Schopenhauer: Représentation (Vorstellung)
Représentation (Vorstellung)
• La représentation est l’un des deux pôles de « l’unique pensée » de Schopenhauer. « Le monde est ma représentation » (M, p. 25), c’est sur cette proposition que s’ouvre Le Monde comme Volonté et comme Représentation et, « s’il est une vérité qu’on puisse affirmer a priori, c’est bien celle-là ; car elle exprime le mode de toute expérience possible et imaginable, concept beaucoup plus général que ceux même de temps, d’espace et de causalité qui l’impliquent » (ibid.). La représentation est donc le monde, tel qu’il m’apparaît dans l’acte perceptif, et elle se définit comme le rapport indissoluble du sujet percevant et de l’objet perçu. « Je ne pars ni du sujet ni de l’objet, mais du fait de la représentation » (M, p. 63).
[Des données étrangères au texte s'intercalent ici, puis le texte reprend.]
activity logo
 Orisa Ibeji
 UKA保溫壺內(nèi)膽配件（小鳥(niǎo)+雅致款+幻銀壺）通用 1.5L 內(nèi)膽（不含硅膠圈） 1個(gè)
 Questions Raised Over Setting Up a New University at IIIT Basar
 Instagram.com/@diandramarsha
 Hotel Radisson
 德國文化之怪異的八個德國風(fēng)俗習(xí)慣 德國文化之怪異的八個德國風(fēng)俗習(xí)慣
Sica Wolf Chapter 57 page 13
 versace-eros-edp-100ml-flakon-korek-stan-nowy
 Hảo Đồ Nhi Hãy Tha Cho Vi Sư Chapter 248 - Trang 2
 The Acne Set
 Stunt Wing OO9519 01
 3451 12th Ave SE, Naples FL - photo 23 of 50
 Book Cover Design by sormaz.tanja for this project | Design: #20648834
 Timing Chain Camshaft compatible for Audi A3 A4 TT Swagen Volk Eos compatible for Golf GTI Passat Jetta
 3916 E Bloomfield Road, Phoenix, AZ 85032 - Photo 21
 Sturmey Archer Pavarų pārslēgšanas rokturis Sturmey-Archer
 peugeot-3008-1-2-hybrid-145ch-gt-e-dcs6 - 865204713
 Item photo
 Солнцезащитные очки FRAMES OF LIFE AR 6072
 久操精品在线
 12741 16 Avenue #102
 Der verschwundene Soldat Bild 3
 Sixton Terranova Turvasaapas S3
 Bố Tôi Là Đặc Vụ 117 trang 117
•• La représentation est l’équivalent du « phénomène » kantien. Elle est soumise aux trois conditions de l’espace, du temps et de la causalité, qui relèvent de l’entendement et forment le Principe de raison suffisante. À cette représentation phénoménale s’oppose la Volonté métaphysique, qui correspond à la « chose en soi » de Kant, dont Schopenhauer se réclame explicitement, et dont il se veut « l’audacieux continuateur » (VN, p. 45). « Le plus grand mérite de Kant, c'est d'avoir distingué le phénomène de la chose en soi (M, p. 522, souligné par Schopenhauer), même s’il n’est pas allé assez loin dans la détermination de cette dernière. La doctrine schopenhauerienne de la représentation relève donc, à son tour, de cet « idéalisme transcendantal » (M, p. 677), dont Kant a posé les fondements.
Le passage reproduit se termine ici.